How to avoid costly mistakes in your tax form
If there are two terms likely to induce a deep sigh or a slumping of shoulders, it’s HM Revenue & Customs (HMRC) and Self-Assessment Tax Return (SATR). And not without good reason.
Good news: not everyone needs to complete a SATR. Bad news: for those who do, it’s sometimes not straightforward and there are penalties if you fail to submit your SATR on time, or if HMRC take the view that not enough care has been taken in completing it.
Good news: if you make a mistake on your SATR you’ve normally got 12 months from 31 January after the end of the tax year to correct it. This is called an amendment. For example, for the 2015-16 return you have until 31 January 2018 to make an amendment.
But what form could these mistakes take?
1. Signature & date missing
To avoid this simple schoolboy error before you start, stick a post-it on the front reminding you to sign and date box 22.
2. Incorrect National Insurance number and/or Unique Taxpayer Reference (UTR)
Life throws a lot of codes and references at us, and which is which can sometimes be confusing. The UTR is a ten digit reference number. It is unique to you, and you will find it on every correspondence you receive from HMRC. Your National Insurance number is also unique to you. It is made up of numbers and letters, and you will find it on payslips or on a P60. Be sure to be accurate when including this information.
3. Ticking the wrong boxes
The paperwork sent by HMRC includes a guide to completing your Tax Return. It’s very clear and takes you through the process step by step.
4. Mañana form-filling
Notes such as Info to follow or As per accounts will not be accepted by HMRC. A SATR with these types of notes is not a completed document and will not allow you to avoid the penalties HMRC can impose.
5. Sloppy arithmetic
At the very least, double check your calculations. It’s important to be accurate.
6. Failing to declare all income/Capital Gains
Failure to declare all relevant income and Capital Gains can result in severe penalties. If those errors are deliberate (for example: omitting a source of income) you could be prosecuted.
7. Forgetting supplementary pages
If you have additional income, you will need to include supplementary pages.
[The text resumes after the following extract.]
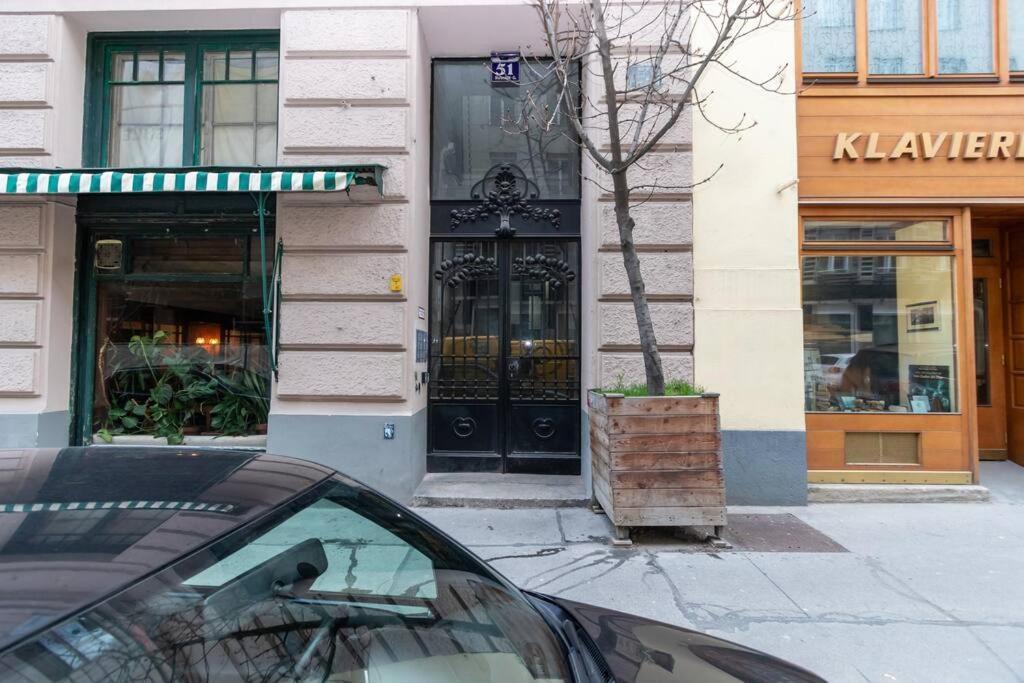 New, Central, in the Heart of the 7th Heaven 1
This additional income may come from playing in a band at weekends, or perhaps your erotic fan-fiction has become a best-seller, or it could be from investments, property, shares etc. Make sure you include all additional income on the supplementary pages.
8. Claiming the unclaimable
There may be things you assume can be claimed, but in fact can’t. Check with your accountant as there are costly penalties for incorrect claims; and besides, there may be things you hadn’t thought of that can be claimed.
9. Missing the deadlines
Don’t leave things to the last minute. The deadline for submitting a paper SATR is 31 October following the end of the tax year. The deadline for submitting a SATR online is 31 January after the end of the tax year. If you miss these deadlines, there are penalties to pay.
10. Don’t shoe-box your records
The easiest way to ensure completing your SATR is stress-free is to be organised about keeping proper and complete records. The paperwork you will need (where relevant) includes:
· P60, P45 and P11D
· Expense records
· Benefits including maternity/paternity pay, statutory sick pay, job seekers allowance
· Pension records
· Bank statements
· Property income
· Foreign income including evidence of tax already paid abroad
· Capital gains
· Employee share schemes
· Student loan payments
If you are self-employed you will need:
· Cash books
· Mileage records
· Bank statements
· Records of all sales and takings, purchases and expenses
· Money taken out of business for personal use (if any)
· Personal money put in to the business (if any)
It’s perfectly possible to complete a Self-Assessment Tax Return without the help of a qualified accountant or tax advisor, but hiring a professional will ease your workload and offer comfort that the submitted forms are accurate and complete.